GIVEN RECORDS Block Start
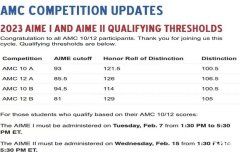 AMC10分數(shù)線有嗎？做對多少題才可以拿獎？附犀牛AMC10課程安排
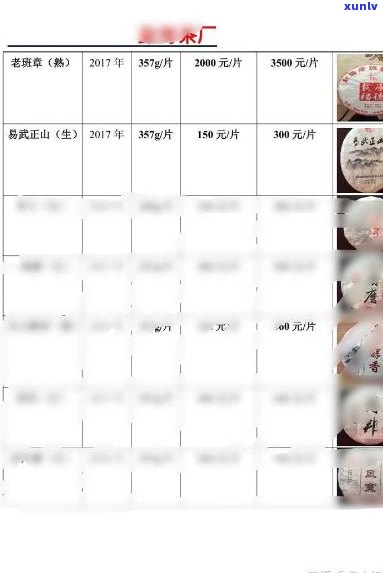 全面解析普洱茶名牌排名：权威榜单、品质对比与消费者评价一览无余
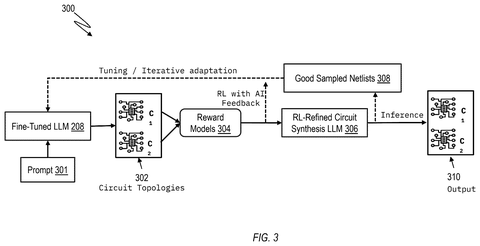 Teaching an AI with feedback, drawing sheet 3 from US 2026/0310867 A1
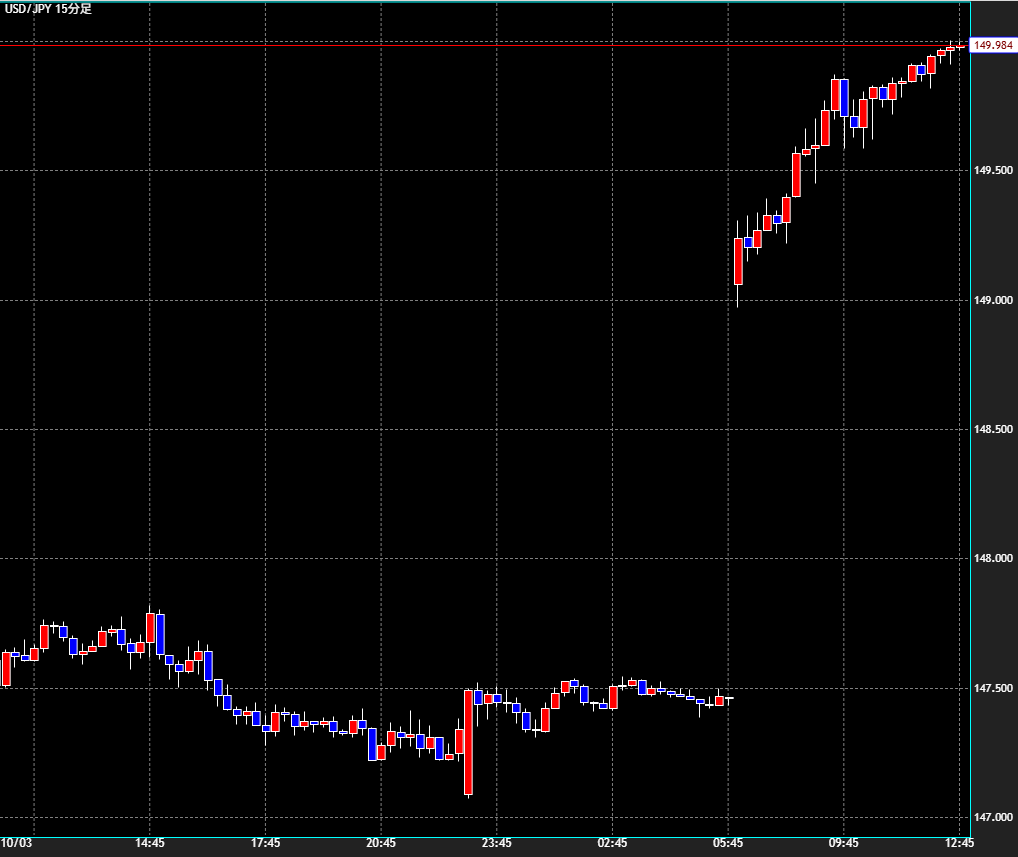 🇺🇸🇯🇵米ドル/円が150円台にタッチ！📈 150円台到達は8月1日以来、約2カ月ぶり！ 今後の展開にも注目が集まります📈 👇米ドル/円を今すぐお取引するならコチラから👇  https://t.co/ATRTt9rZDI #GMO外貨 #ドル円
GIVEN RECORDS Block End
GIVEN RECORDS Block Start
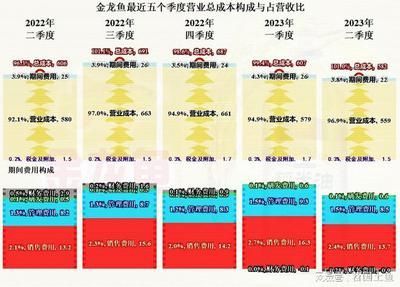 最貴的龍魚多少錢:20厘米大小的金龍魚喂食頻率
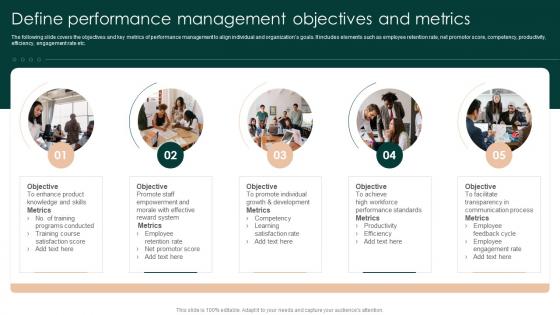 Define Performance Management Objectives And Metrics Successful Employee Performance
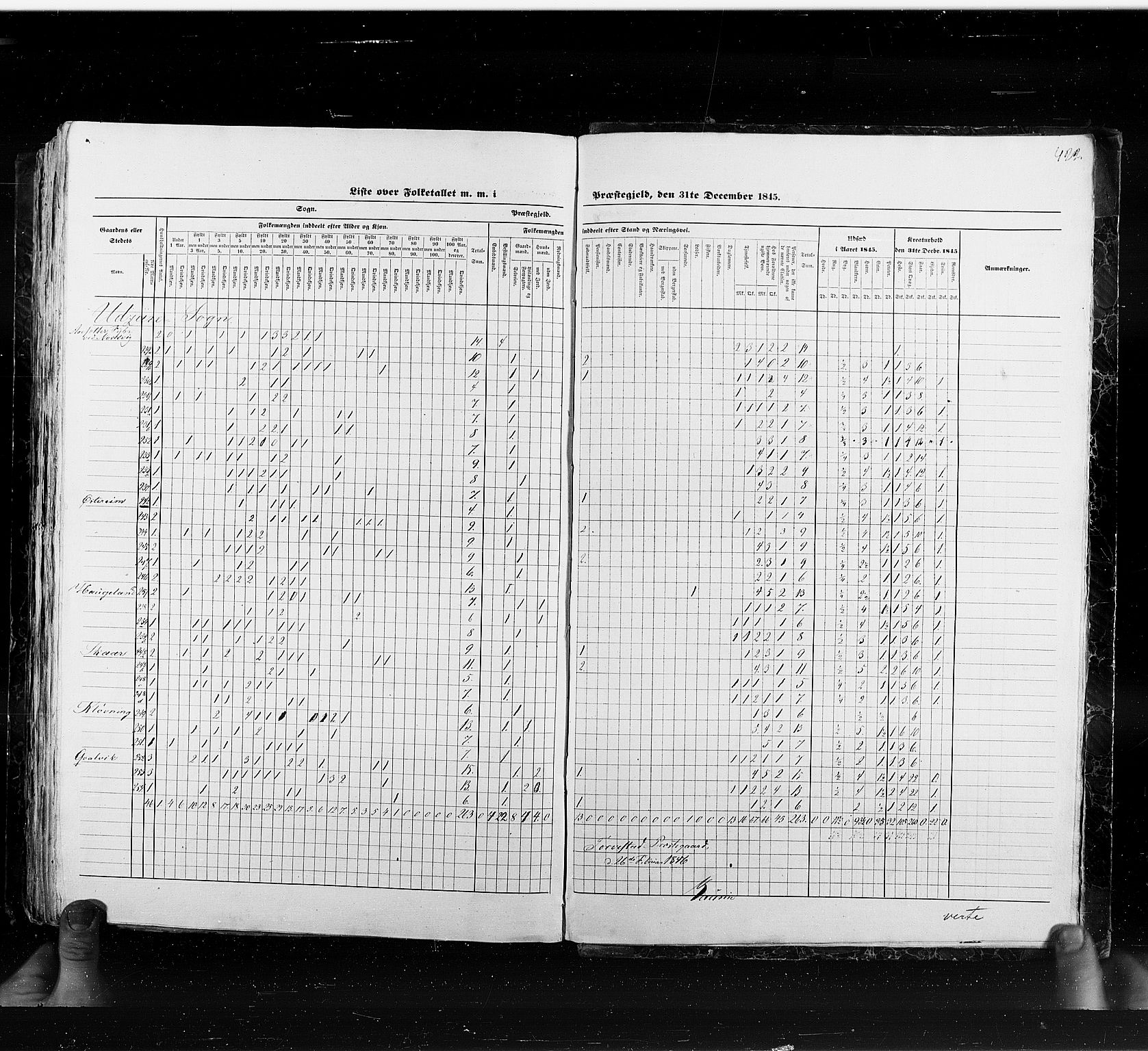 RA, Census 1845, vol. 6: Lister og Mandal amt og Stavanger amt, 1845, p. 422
GIVEN RECORDS Block End
GIVEN RECORDS Block Start
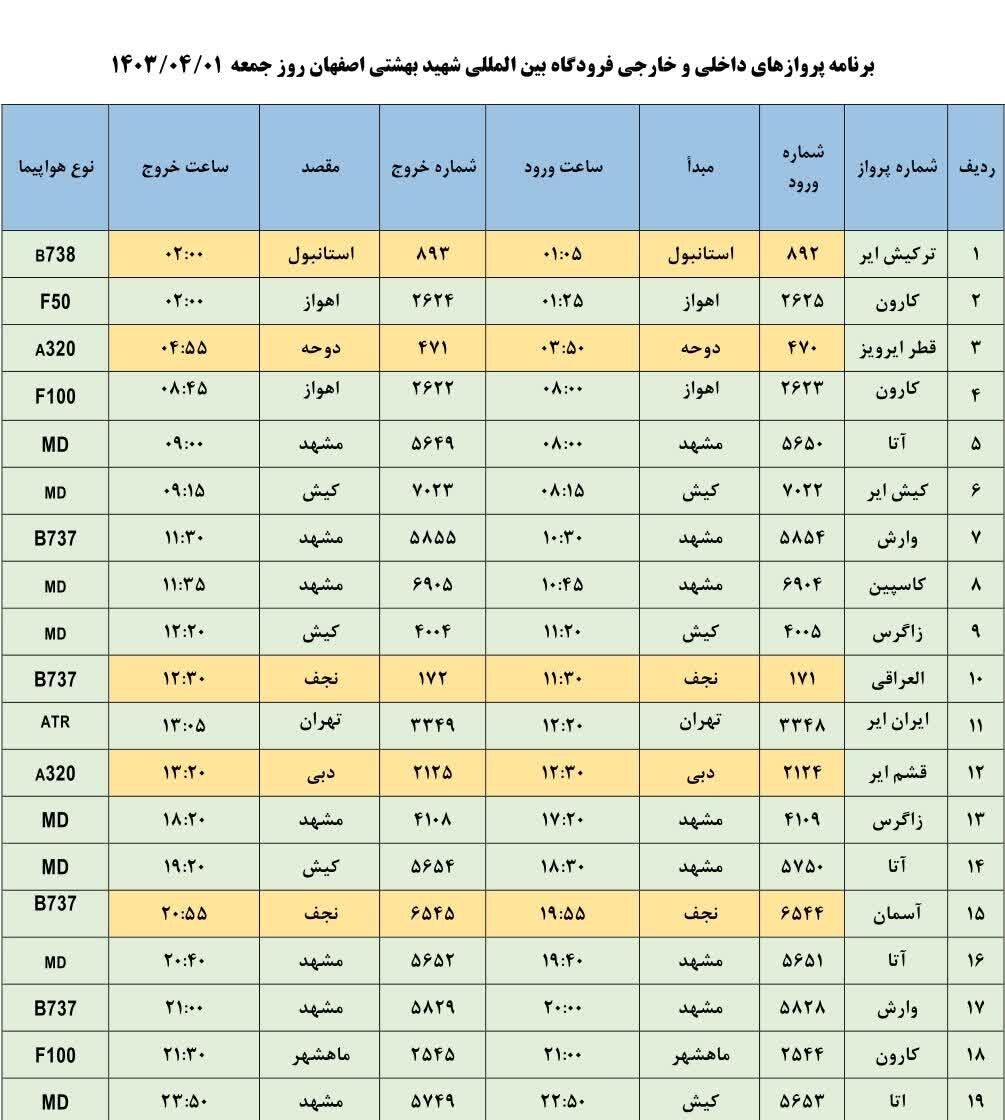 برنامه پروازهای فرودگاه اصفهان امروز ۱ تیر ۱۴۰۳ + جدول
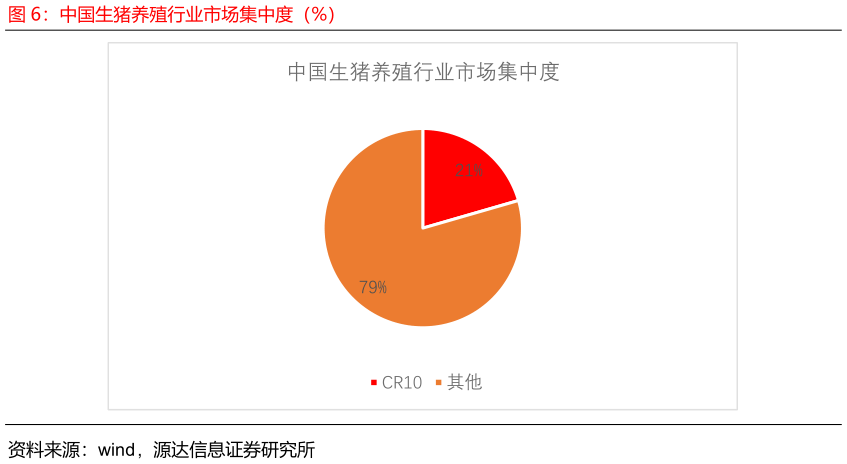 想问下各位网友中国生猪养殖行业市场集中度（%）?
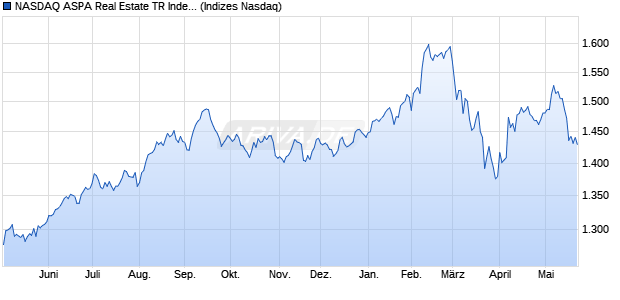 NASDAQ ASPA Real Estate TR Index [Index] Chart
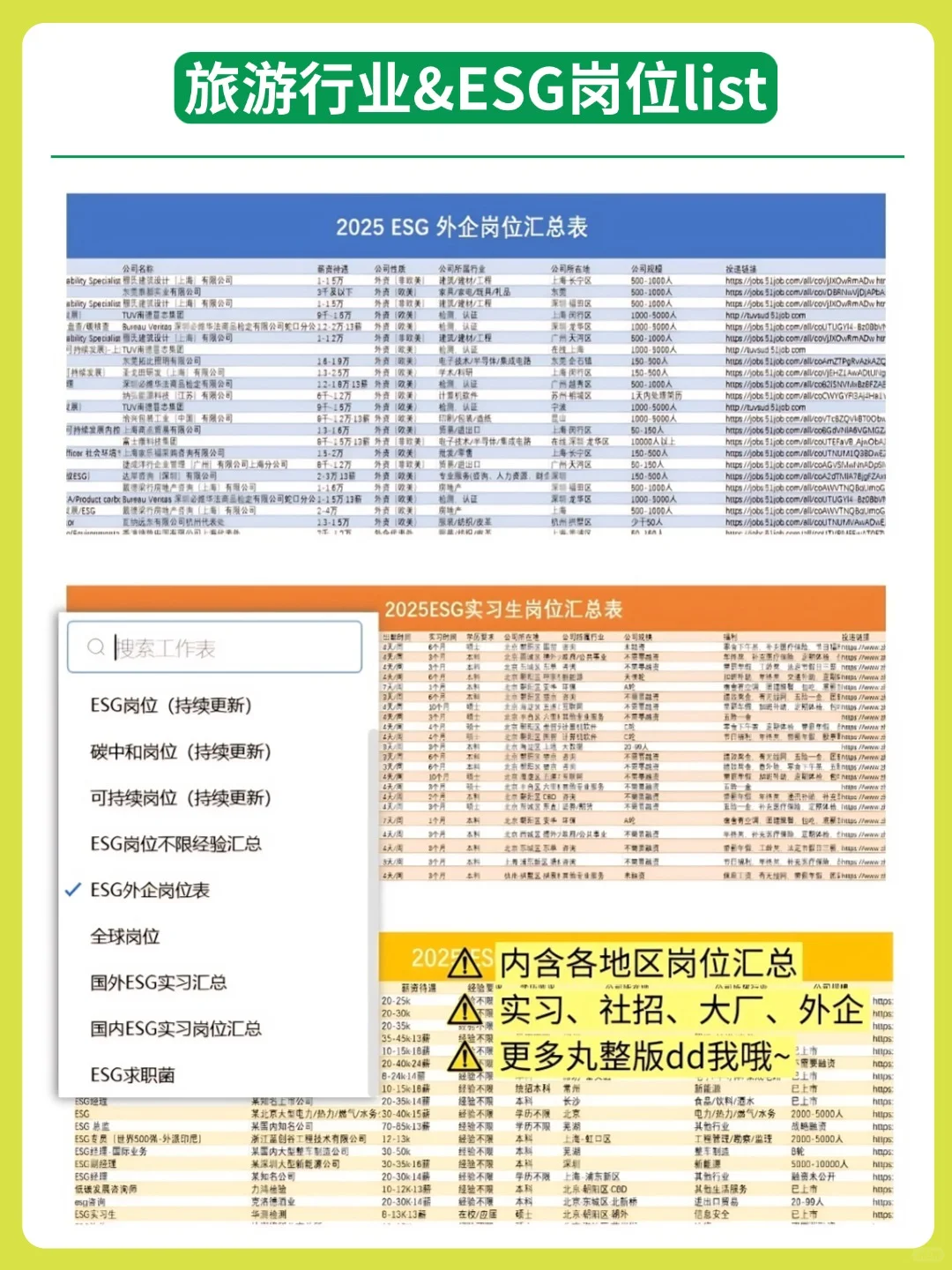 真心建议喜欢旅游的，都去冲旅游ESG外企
GIVEN RECORDS Block End
* [EXERCISE AIM]: Copy out exactly the material that runs from the line with "NASDAQ ASPA Real" to the line with "真心建议喜欢旅游的，都去冲旅游ESG外企", ends included, and leave the pictures behind.

* [TASK RESULT]:
 NASDAQ ASPA Real Estate TR Index [Index] Chart
 真心建议喜欢旅游的，都去冲旅游ESG外企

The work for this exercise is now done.